Tim Lawless, national research director of RP Data, pointed out that just like any other market, the property sector is subjected to the basic law of supply and demand. At the moment, he said demand remains "exceptionally high" for Australia's property market, while new supply is shrinking fast.

"With so much conjecture and speculation about where Australian property values are heading, and with economists and commentators divided right now on this very topic, it's important to note that opinions can often be based on observations rather than an empirical examination of the market fundamentals," said Lawless.

He urged investors to get back to basics such as understanding the key drivers of demand being population growth and changes in household sizes as well as the rate of divorce.
"Australia is currently undergoing a population boom with a population increase of more than 330,000 last year.
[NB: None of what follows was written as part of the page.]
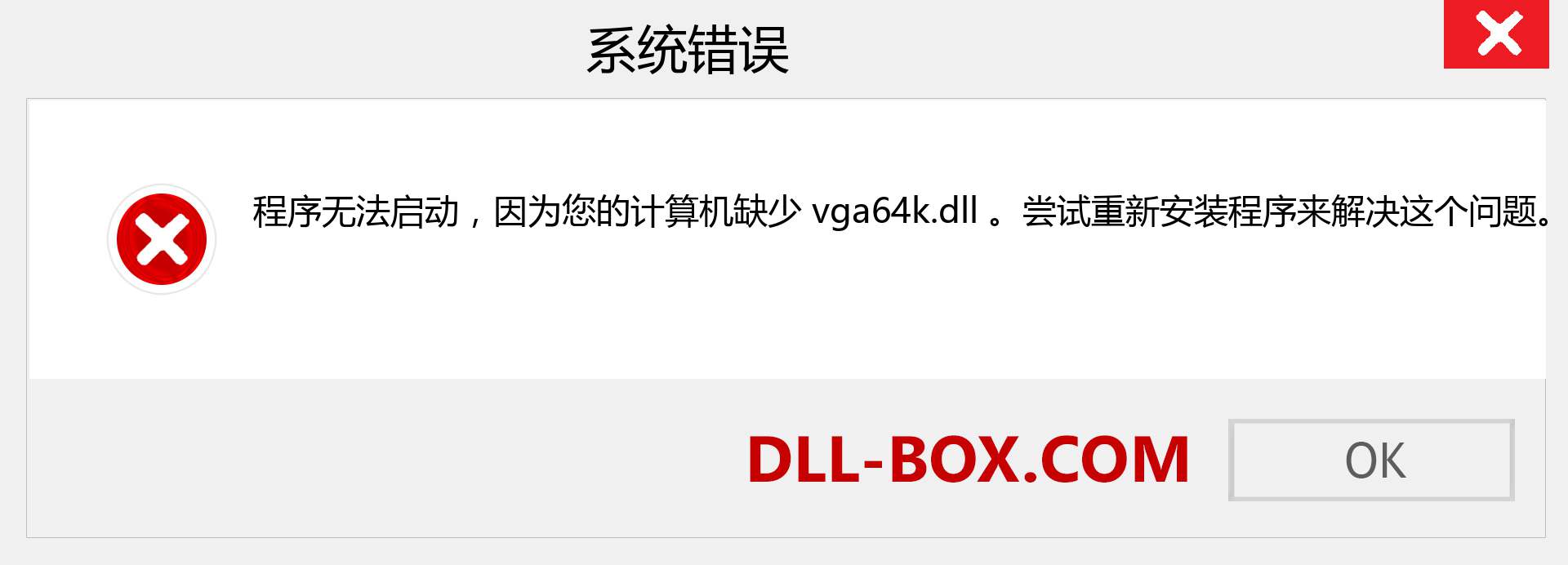 vga64k.dll 文件丢失？。 适用于 Windows 7、8、10 的下载 - 修复 Windows、照片、图像上的 vga64k dll 丢失错误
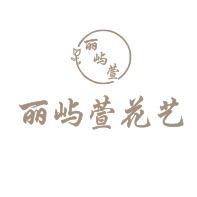 丽屿萱花艺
In raw numbers, Australia's population growth has never been higher. Over the 2007 calendar year, almost 180,000 net migrants arrived in Australia."

He added that migration is further boosted this year by the government's plan to increase the skilled migrant intake by 30% for 2008/09. At the same time, he said that the rate of natural increase is also rising rapidly with over 140,000 more births than deaths last year.

"At a time of record population growth, there are simply too few new dwellings being built to house this growing population," he said. "Add a shortage of land to the equation and this presents as another constraint."

Lawless cited an analysis conducted by the Commonwealth Treasury which estimated that demand for housing will increase to over 200,000 homes per annum by 2010 due to the demands of a growing population. In contrast, new supply is forecast to be only around 150,000 to 160,000 dwellings per annum.

"This demonstrates that the imbalance between supply and demand will be a fundamental driver, placing upwards pressure on Australian property values. When viewed in light of the ongoing shortfall in dwelling supply, Australian property values can only go one way, and that's up," he said.